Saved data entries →

※

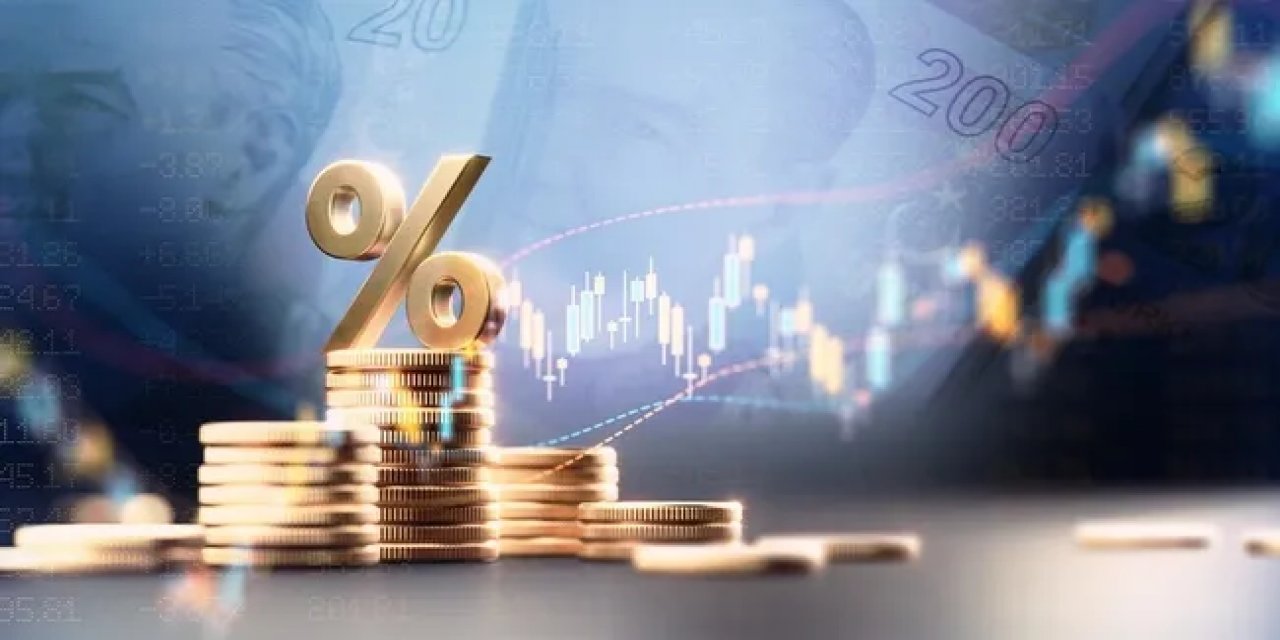 Ekonomide Gözler Bugüne Çevrildi! 3 Yıllık Yol Haritası Açıklanıyor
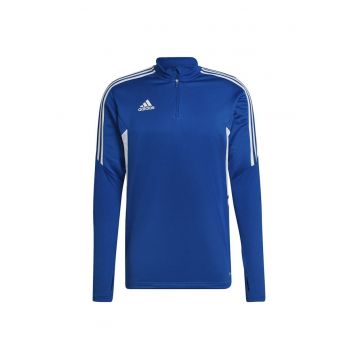 Hanorac barbati  Poliester - Albastru - Albastru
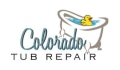 Colorado Tub Repair Coupons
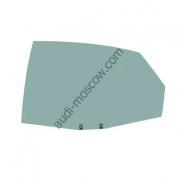 Стекло задней двери левое Ауди А6 (C5) 4B9845205B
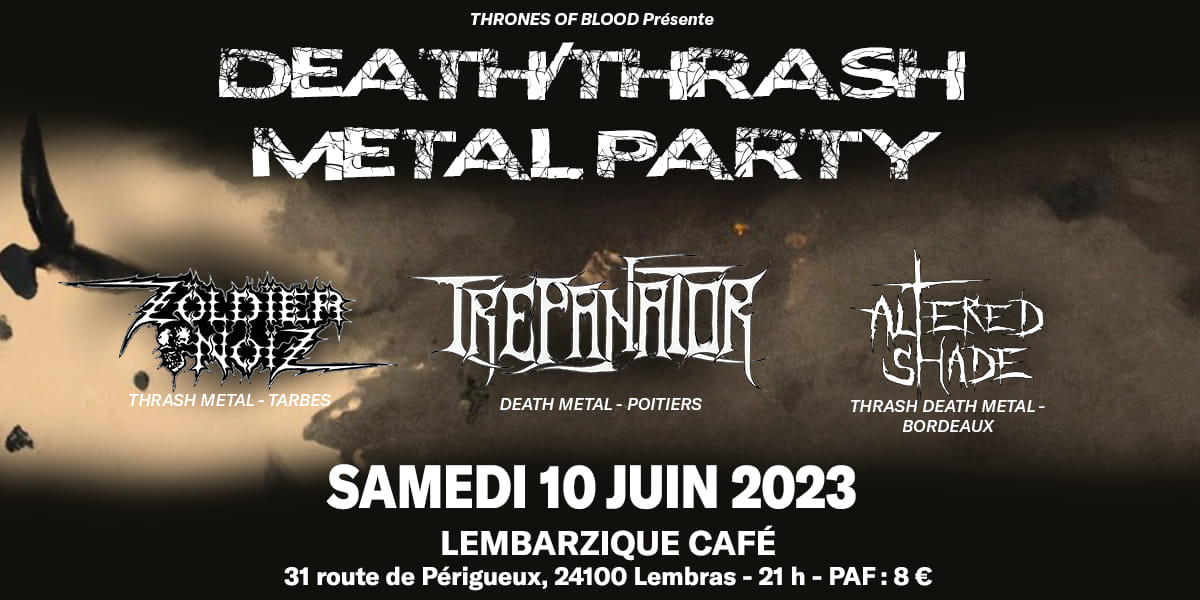 affiche.jpg (111 KB)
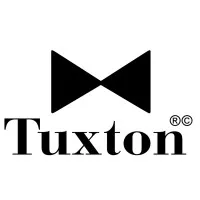 Tuxton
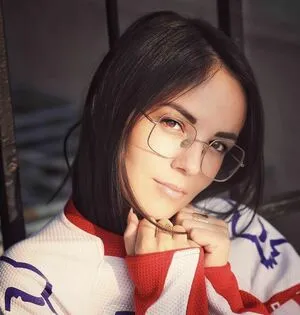 Agathe Auproux OnlyFans Leaked Free Thumbnail Picture - #mj4ZEpZMv9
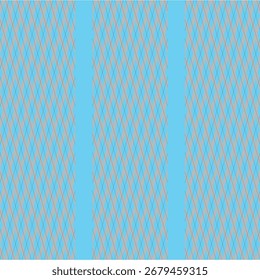 desenho padrão simples formas geométricas papel de parede minúscula arte de linha Papel digital, impressão têxtil, ilustração de fundo abstrata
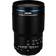 Laowa 90mm f/2.8 2x Ultra Macro APO for Sony EF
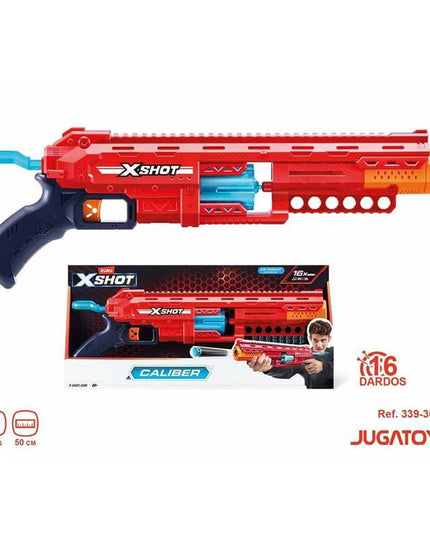 V4H8A546ECFAACF1D78A602A6F49005FAB3R5918366P3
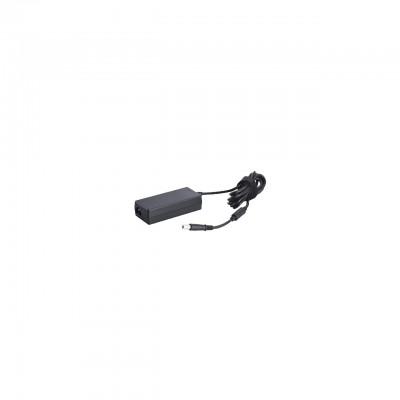 Блок питания к ноутбуку Dell 65W AC Kit (450-18168)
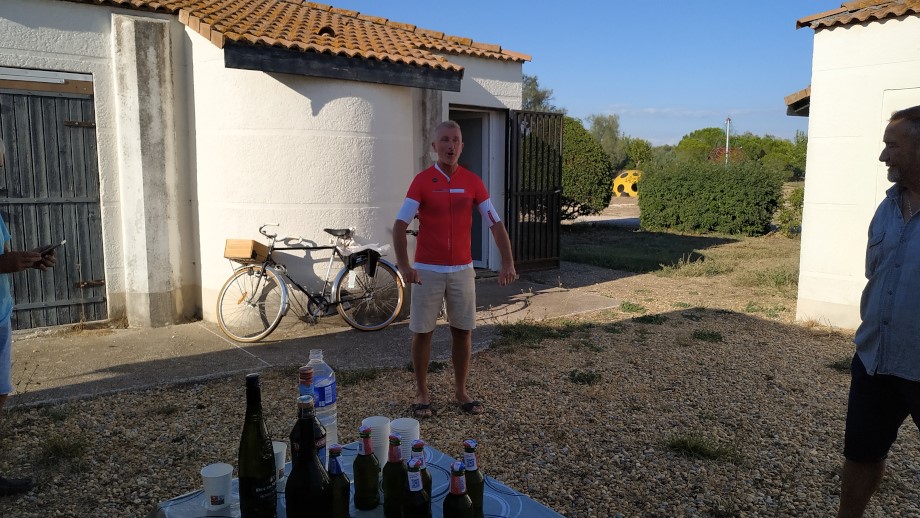 imgmaillot2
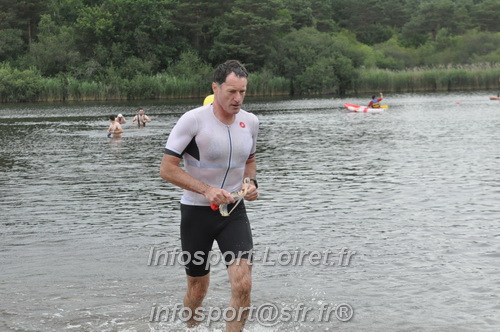Triathlon_Brin_Amour_2025/TBRUN_AMOUR2025_05798.JPG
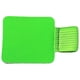 thumbnail image 1 of Presillas autoadhesivas para bolígrafos | Juego de 6 piezas con diseño de goma elástica y cuero | Estuche adhesivo para bolígrafos, cuadernos, agendas y útiles escolares, 1 of 2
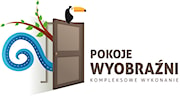 pokojewyobrazni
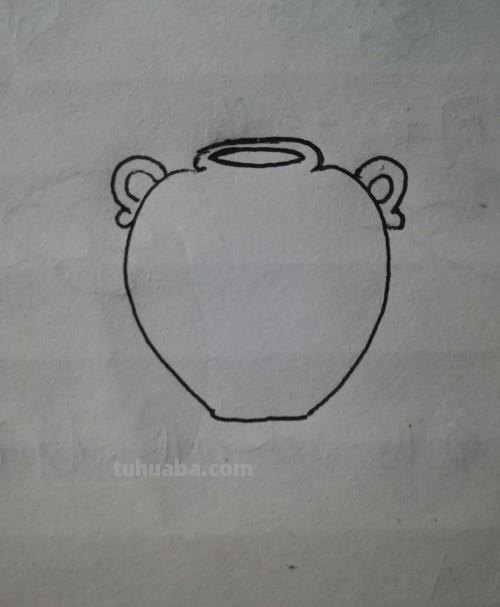 彩铅插画瓶子怎么画 怎样画各种瓶子? 彩铅插画瓶子怎么画 怎样画各种瓶子?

※

PROBLEM STATEMENT →
Please repeat all of the data exactly as it stands, leaving the pictures out.

ANSWER BELOW →
 Ekonomide Gözler Bugüne Çevrildi! 3 Yıllık Yol Haritası Açıklanıyor
 Hanorac barbati  Poliester - Albastru - Albastru
 Colorado Tub Repair Coupons
 Стекло задней двери левое Ауди А6 (C5) 4B9845205B
 affiche.jpg (111 KB)
 Tuxton
 Agathe Auproux OnlyFans Leaked Free Thumbnail Picture - #mj4ZEpZMv9
 desenho padrão simples formas geométricas papel de parede minúscula arte de linha Papel digital, impressão têxtil, ilustração de fundo abstrata
 Laowa 90mm f/2.8 2x Ultra Macro APO for Sony EF
 V4H8A546ECFAACF1D78A602A6F49005FAB3R5918366P3
 Блок питания к ноутбуку Dell 65W AC Kit (450-18168)
 imgmaillot2
Triathlon_Brin_Amour_2025/TBRUN_AMOUR2025_05798.JPG
 thumbnail image 1 of Presillas autoadhesivas para bolígrafos | Juego de 6 piezas con diseño de goma elástica y cuero | Estuche adhesivo para bolígrafos, cuadernos, agendas y útiles escolares, 1 of 2
 pokojewyobrazni
 彩铅插画瓶子怎么画 怎样画各种瓶子? 彩铅插画瓶子怎么画 怎样画各种瓶子?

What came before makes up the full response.